What needs to be done: Reproduce the records below word for word.

Excerpts from a dataset:

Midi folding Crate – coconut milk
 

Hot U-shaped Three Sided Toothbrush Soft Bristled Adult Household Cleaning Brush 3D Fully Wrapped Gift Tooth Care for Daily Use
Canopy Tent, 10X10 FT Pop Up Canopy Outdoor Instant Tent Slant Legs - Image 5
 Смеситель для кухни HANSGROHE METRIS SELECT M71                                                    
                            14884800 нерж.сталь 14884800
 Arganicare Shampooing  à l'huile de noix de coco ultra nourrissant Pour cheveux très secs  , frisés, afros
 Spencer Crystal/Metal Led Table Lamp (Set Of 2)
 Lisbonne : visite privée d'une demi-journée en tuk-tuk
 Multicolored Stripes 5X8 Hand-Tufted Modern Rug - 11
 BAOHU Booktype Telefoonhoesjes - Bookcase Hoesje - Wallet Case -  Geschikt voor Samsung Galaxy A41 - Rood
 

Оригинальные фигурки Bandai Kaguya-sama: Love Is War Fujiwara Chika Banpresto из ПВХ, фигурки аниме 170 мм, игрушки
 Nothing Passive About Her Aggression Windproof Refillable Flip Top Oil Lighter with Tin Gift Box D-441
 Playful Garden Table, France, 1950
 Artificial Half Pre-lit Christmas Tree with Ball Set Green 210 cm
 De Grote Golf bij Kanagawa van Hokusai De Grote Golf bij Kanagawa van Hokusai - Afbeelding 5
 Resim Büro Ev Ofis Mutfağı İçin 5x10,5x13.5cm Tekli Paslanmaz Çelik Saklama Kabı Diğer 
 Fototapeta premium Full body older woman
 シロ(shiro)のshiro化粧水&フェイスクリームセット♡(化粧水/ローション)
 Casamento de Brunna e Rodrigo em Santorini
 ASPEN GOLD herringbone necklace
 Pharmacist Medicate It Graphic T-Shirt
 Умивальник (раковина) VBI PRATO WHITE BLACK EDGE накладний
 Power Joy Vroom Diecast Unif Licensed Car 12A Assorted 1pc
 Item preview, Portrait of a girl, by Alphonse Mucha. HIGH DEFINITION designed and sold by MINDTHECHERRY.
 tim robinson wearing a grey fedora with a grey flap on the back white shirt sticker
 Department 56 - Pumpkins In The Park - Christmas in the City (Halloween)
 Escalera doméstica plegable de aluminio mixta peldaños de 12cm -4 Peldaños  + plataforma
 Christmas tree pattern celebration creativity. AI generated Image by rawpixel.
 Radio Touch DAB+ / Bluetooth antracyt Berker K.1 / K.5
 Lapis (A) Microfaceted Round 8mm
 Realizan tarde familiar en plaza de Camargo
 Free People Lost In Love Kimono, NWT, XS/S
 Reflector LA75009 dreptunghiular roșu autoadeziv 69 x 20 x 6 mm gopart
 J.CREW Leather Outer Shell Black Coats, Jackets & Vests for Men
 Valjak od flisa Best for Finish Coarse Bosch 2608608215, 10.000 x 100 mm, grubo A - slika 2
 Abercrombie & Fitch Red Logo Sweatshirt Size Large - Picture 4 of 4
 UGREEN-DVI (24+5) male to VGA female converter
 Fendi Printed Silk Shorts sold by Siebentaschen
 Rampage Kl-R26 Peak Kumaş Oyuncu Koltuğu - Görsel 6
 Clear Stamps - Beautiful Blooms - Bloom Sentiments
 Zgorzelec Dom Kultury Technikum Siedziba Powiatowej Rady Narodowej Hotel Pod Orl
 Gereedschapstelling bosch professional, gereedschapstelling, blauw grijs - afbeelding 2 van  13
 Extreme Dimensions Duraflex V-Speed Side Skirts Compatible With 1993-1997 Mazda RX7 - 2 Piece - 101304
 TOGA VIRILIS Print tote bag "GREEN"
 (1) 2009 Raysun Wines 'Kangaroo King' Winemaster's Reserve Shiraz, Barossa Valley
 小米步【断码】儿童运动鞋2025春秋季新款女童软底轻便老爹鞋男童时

Written answer:
Midi folding Crate – coconut milk
 

Hot U-shaped Three Sided Toothbrush Soft Bristled Adult Household Cleaning Brush 3D Fully Wrapped Gift Tooth Care for Daily Use
Canopy Tent, 10X10 FT Pop Up Canopy Outdoor Instant Tent Slant Legs - Image 5
 Смеситель для кухни HANSGROHE METRIS SELECT M71                                                    
                            14884800 нерж.сталь 14884800
 Arganicare Shampooing  à l'huile de noix de coco ultra nourrissant Pour cheveux très secs  , frisés, afros
 Spencer Crystal/Metal Led Table Lamp (Set Of 2)
 Lisbonne : visite privée d'une demi-journée en tuk-tuk
 Multicolored Stripes 5X8 Hand-Tufted Modern Rug - 11
 BAOHU Booktype Telefoonhoesjes - Bookcase Hoesje - Wallet Case -  Geschikt voor Samsung Galaxy A41 - Rood
 

Оригинальные фигурки Bandai Kaguya-sama: Love Is War Fujiwara Chika Banpresto из ПВХ, фигурки аниме 170 мм, игрушки
 Nothing Passive About Her Aggression Windproof Refillable Flip Top Oil Lighter with Tin Gift Box D-441
 Playful Garden Table, France, 1950
 Artificial Half Pre-lit Christmas Tree with Ball Set Green 210 cm
 De Grote Golf bij Kanagawa van Hokusai De Grote Golf bij Kanagawa van Hokusai - Afbeelding 5
 Resim Büro Ev Ofis Mutfağı İçin 5x10,5x13.5cm Tekli Paslanmaz Çelik Saklama Kabı Diğer 
 Fototapeta premium Full body older woman
 シロ(shiro)のshiro化粧水&フェイスクリームセット♡(化粧水/ローション)
 Casamento de Brunna e Rodrigo em Santorini
 ASPEN GOLD herringbone necklace
 Pharmacist Medicate It Graphic T-Shirt
 Умивальник (раковина) VBI PRATO WHITE BLACK EDGE накладний
 Power Joy Vroom Diecast Unif Licensed Car 12A Assorted 1pc
 Item preview, Portrait of a girl, by Alphonse Mucha. HIGH DEFINITION designed and sold by MINDTHECHERRY.
 tim robinson wearing a grey fedora with a grey flap on the back white shirt sticker
 Department 56 - Pumpkins In The Park - Christmas in the City (Halloween)
 Escalera doméstica plegable de aluminio mixta peldaños de 12cm -4 Peldaños  + plataforma
 Christmas tree pattern celebration creativity. AI generated Image by rawpixel.
 Radio Touch DAB+ / Bluetooth antracyt Berker K.1 / K.5
 Lapis (A) Microfaceted Round 8mm
 Realizan tarde familiar en plaza de Camargo
 Free People Lost In Love Kimono, NWT, XS/S
 Reflector LA75009 dreptunghiular roșu autoadeziv 69 x 20 x 6 mm gopart
 J.CREW Leather Outer Shell Black Coats, Jackets & Vests for Men
 Valjak od flisa Best for Finish Coarse Bosch 2608608215, 10.000 x 100 mm, grubo A - slika 2
 Abercrombie & Fitch Red Logo Sweatshirt Size Large - Picture 4 of 4
 UGREEN-DVI (24+5) male to VGA female converter
 Fendi Printed Silk Shorts sold by Siebentaschen
 Rampage Kl-R26 Peak Kumaş Oyuncu Koltuğu - Görsel 6
 Clear Stamps - Beautiful Blooms - Bloom Sentiments
 Zgorzelec Dom Kultury Technikum Siedziba Powiatowej Rady Narodowej Hotel Pod Orl
 Gereedschapstelling bosch professional, gereedschapstelling, blauw grijs - afbeelding 2 van  13
 Extreme Dimensions Duraflex V-Speed Side Skirts Compatible With 1993-1997 Mazda RX7 - 2 Piece - 101304
 TOGA VIRILIS Print tote bag "GREEN"
 (1) 2009 Raysun Wines 'Kangaroo King' Winemaster's Reserve Shiraz, Barossa Valley
 小米步【断码】儿童运动鞋2025春秋季新款女童软底轻便老爹鞋男童时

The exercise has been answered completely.